The ostensible cause?  Fed Chairman Ben Bernanke indicated that QE Infinity might—just might—come to end if U.S. economic data improve, and China’s PMI came in lower than expected.  A more likely explanation is the recent surge in Japanese government bond yields; the 10-year yield briefly jumped above 1% before falling back into the 80-basis-range.

Japanese stocks were definitely due for a breather; the Nikkei had been up by more than 50% year to date.  But does Thursday’s action point to something bigger?  Could it be that the short yen / long Japanese equities trade is over?

We’ll see. I expect that the yen still has much further to fall, and this may or may not mean a short-term rally in Japanese equities.

Related video: Japan, China and their Ticking Demographic Time Bombs

The real trading opportunity here, however, is in Japanese bonds.  This is a trade where the risk and potential reward are asymmetric; your downside is modest while your upside is enormous.

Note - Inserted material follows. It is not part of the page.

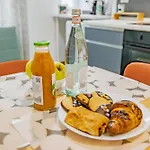 Appartement Eclectica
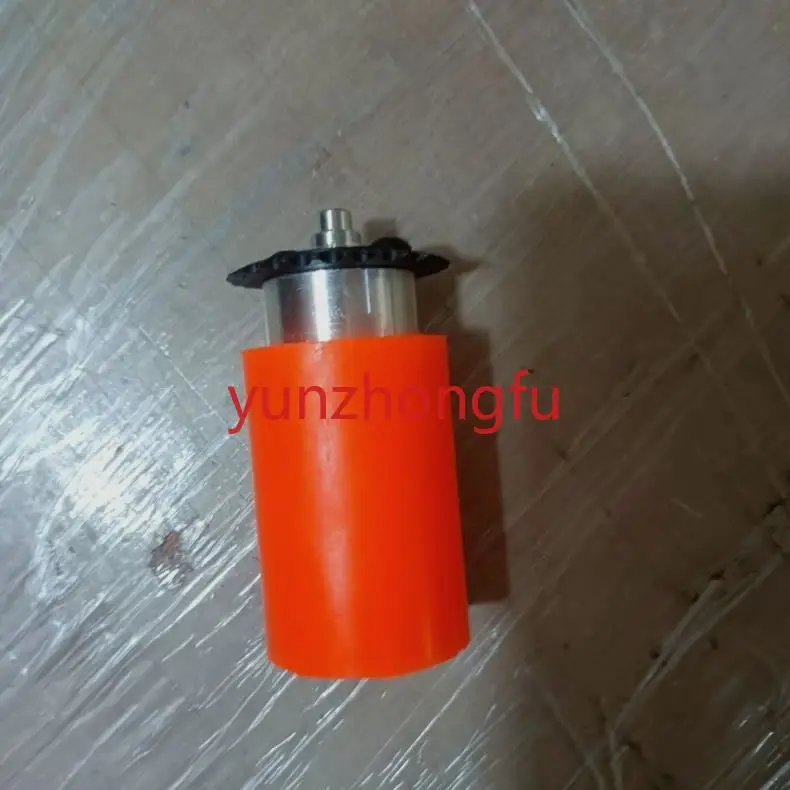 

Роллерная цепь для кромкооблицовочного станка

Japanese 10-year yields cannot go much lower than current levels.  At time of writing, the yield was 0.86%.  The all-time low was hit last month at just under 0.50%.

Could yields retest those old lows? Of course, anything is possible.  But given the scale of the money printing involved, I wouldn’t bet on it.

A far more likely outcome is something akin to the Eurozone crisis whereby the bond vigilantes mercilessly punished the countries with high budget deficits and debt loads.  Japan’s total debt is roughly 100 percentage points of GDP higher than that of Italy and its yearly budget deficit is substantially bigger, yet it pays a yield that is more than 75% lower.  Given that Japan is no longer a high-savings-rate country, they cannot depend on their citizens to bail them out this time.  And if the Bank of Japan steps in too aggressively, they run the risk of undermining confidence in the yen and turning its orderly decline into a rout…which would almost certainly cause yields on Japan’s debt to soar.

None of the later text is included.